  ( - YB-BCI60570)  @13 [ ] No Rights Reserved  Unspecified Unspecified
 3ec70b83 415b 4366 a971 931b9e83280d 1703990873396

━━━━━━━━━━━━━━━━━━━━

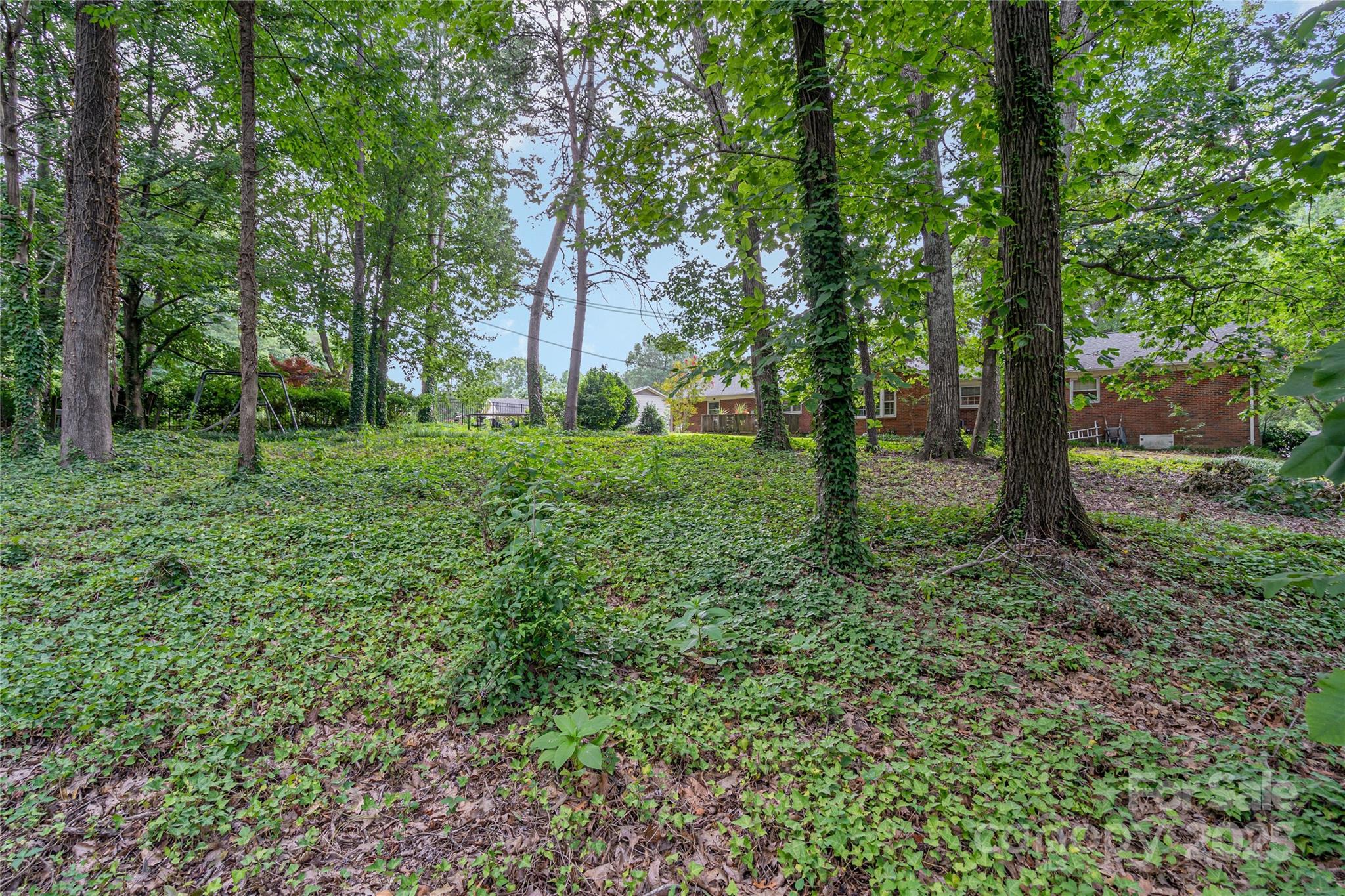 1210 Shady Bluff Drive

━━━━━━━━━━━━━━━━━━━━

● What you should do: Your answer should be the lines above from the one containing "( - YB-BCI60570)" through the one containing "3ec70b83 415b 4366", copied exactly and with both ends kept.

● Result of the exercise:
  ( - YB-BCI60570)  @13 [ ] No Rights Reserved  Unspecified Unspecified
 3ec70b83 415b 4366 a971 931b9e83280d 1703990873396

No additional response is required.